If you took this region out of the UK economy, it would be called Ethiopia.
(I’m pretty sure he means that what’s left would be called Ethiopia.)

Being an uptight, anal right-winger rather than a cool, laid-back liberal, I tend to get mini-panic attacks when contemplating basket-case cities like Glasgow and regions such as the North-East, whose sole raison d’être appears to be to bleed the productive parts of the country dry. Sky News carried a report yesterday pointing out that certain UK cities haven’t suffered double-dip recession since 2008 – namely London, Brighton, Aberdeen and Sunderland. While the first three avoided economic downturns by carrying on working hard and being clever, Sunderland – inevitably – has avoided recession only because of the industrial quantities of public sector cash that have been been poured into it.

What’s the point of Southerners working their socks off just so the citizens of Sunderland don’t have to figure out how to make their city economically viable without charity and the sort of tax breaks for business that amount to bribery? Why, exactly, are the rest of us supposed to go on feeling guilty about the likes of Liverpool – a city destroyed by the nauseating greed and bovine self-harming stupidity of its own unions and politicians?

Yes, many parts of the country suffered when they (inevitably) lost their massively-subsidised heavy industries in the 1980s. But that was 30 years ago – quite enough time, one would imagine, to realise that sitting around on their arses whining about Mrs Thatcher’s demonic cruelty and demanding ever-greater hand-outs is a recipe for misery.

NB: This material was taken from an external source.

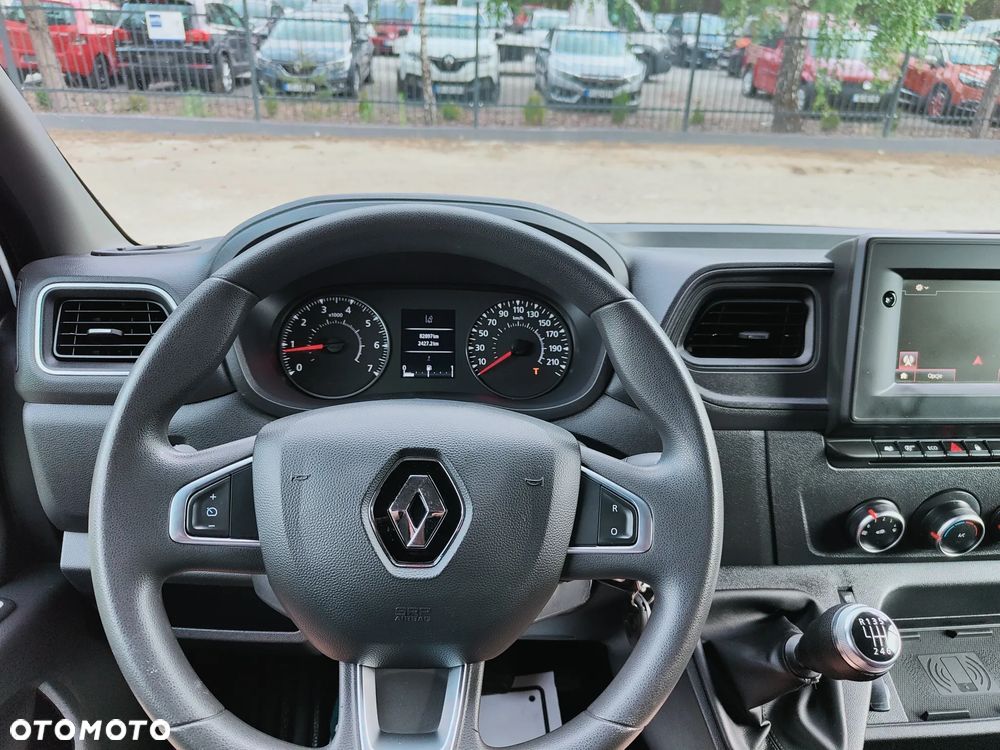 Renault Master - 24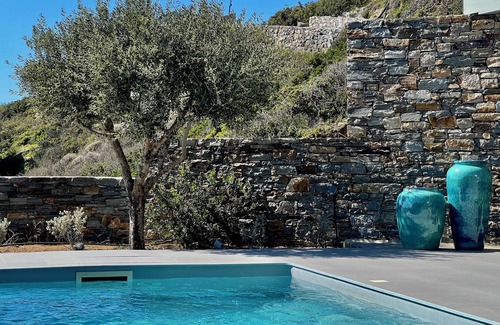 Mikri Vigla Villa | Newly renovated villa 5 minutes walk from the most beautiful beach in Naxos, Greece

MacKenzie sums it up with characteristic pithiness:
Why don’t they live within their means, or move down here and see what it’s like to be taxed until they weep? Frankly, we can no longer keep subsiding other people’s spending habits.
According certain races, regions and countries permanent victim status is one of the most ruinous habits of our age. I’ve written about the deleterious effects of having to spend so much time worrying about why blacks don’t do better in predominantly white societies - or in predominantly black societies, to be honest (read it here). There has to come a time when we decide that this endless angsting about race is counter-productive for the very group we’re all so determined to "help". Similarly, there has to come a time when we realise that constantly pouring South-Eastern taxes into Britain’s permanently under-performing regions and nations is simply putting off the time when those regions and nations have to figure out for themselves how to become economically viable. And there has to come a point when we stop feeling guilty about failed states like Somalia, Ethiopia and Afghanistan, pull up the drawbridge, and tell them to bloody well sort it out for themselves.

In “Binsey Polars”, a wonderful Hopkins poem in which he laments the deliberate destruction of a stand of “…aspens dear, whose airy cages quelled/Quelled or quenched in leaves the leaping sun…”, he makes the point that often, when human beings seek to “improve” Nature, they destroy it: “…even where we mean/ To mend her we end her…” I have a horrible suspicious that the same is true of most of our well-intentioned attempts to “mend” people, regions and countries. Sometimes, it’s better to admit we can't force success on others, stop interfering, and leave them to try to figure it out for themselves.